Supplied material =>

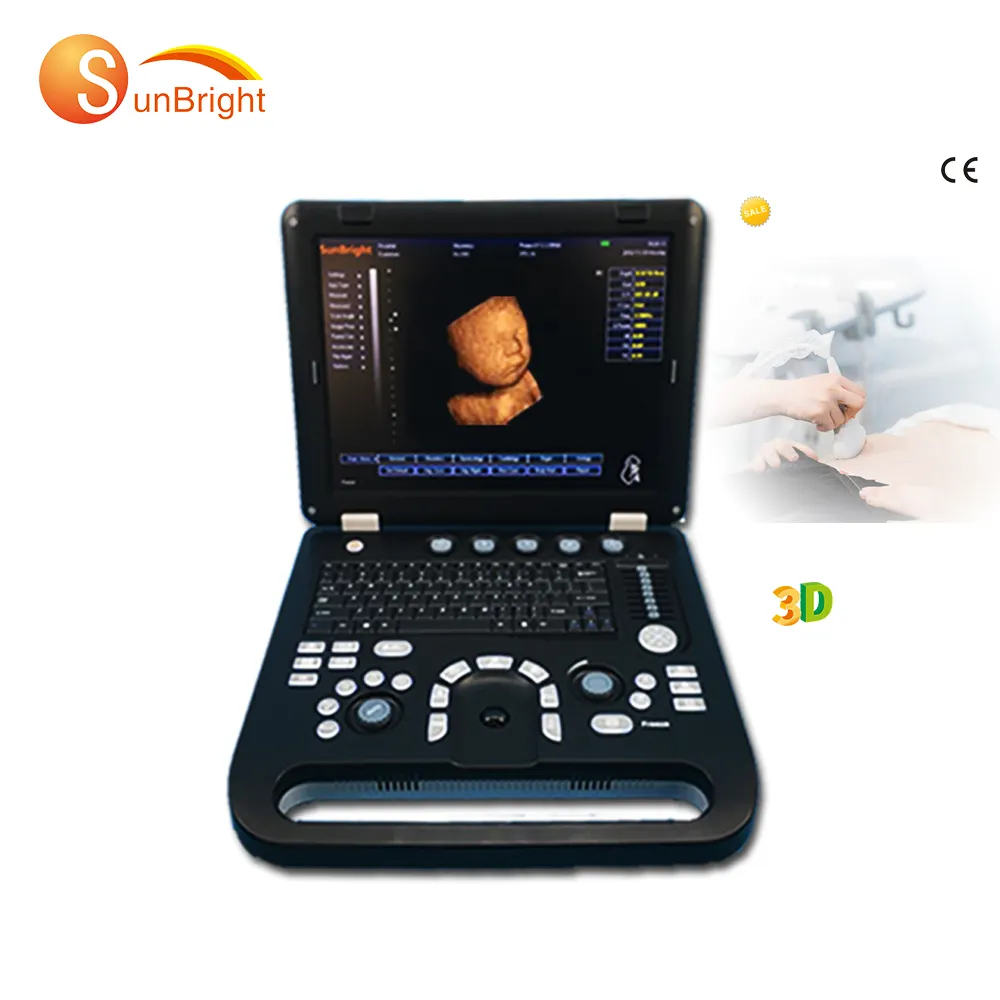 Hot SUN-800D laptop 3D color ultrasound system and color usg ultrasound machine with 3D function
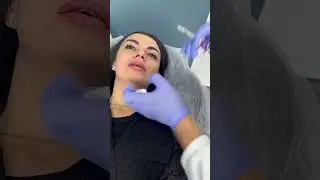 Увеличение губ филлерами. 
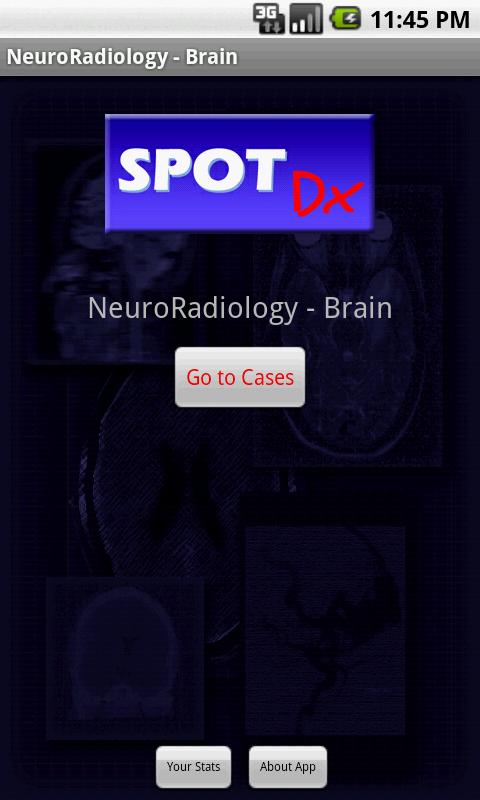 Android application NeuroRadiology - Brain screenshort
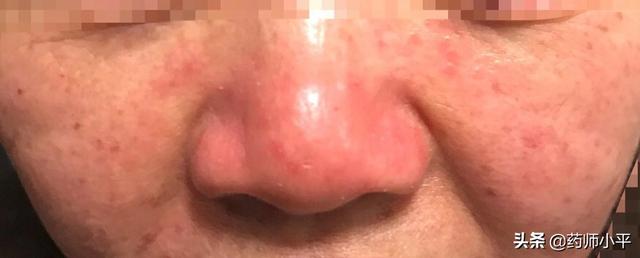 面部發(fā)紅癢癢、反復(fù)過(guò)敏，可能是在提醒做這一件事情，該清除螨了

Task objective => The task calls for repeating each line above exactly while excluding the pictures.

Output below =>
 Hot SUN-800D laptop 3D color ultrasound system and color usg ultrasound machine with 3D function
 Увеличение губ филлерами. 
 Android application NeuroRadiology - Brain screenshort
 面部發(fā)紅癢癢、反復(fù)過(guò)敏，可能是在提醒做這一件事情，該清除螨了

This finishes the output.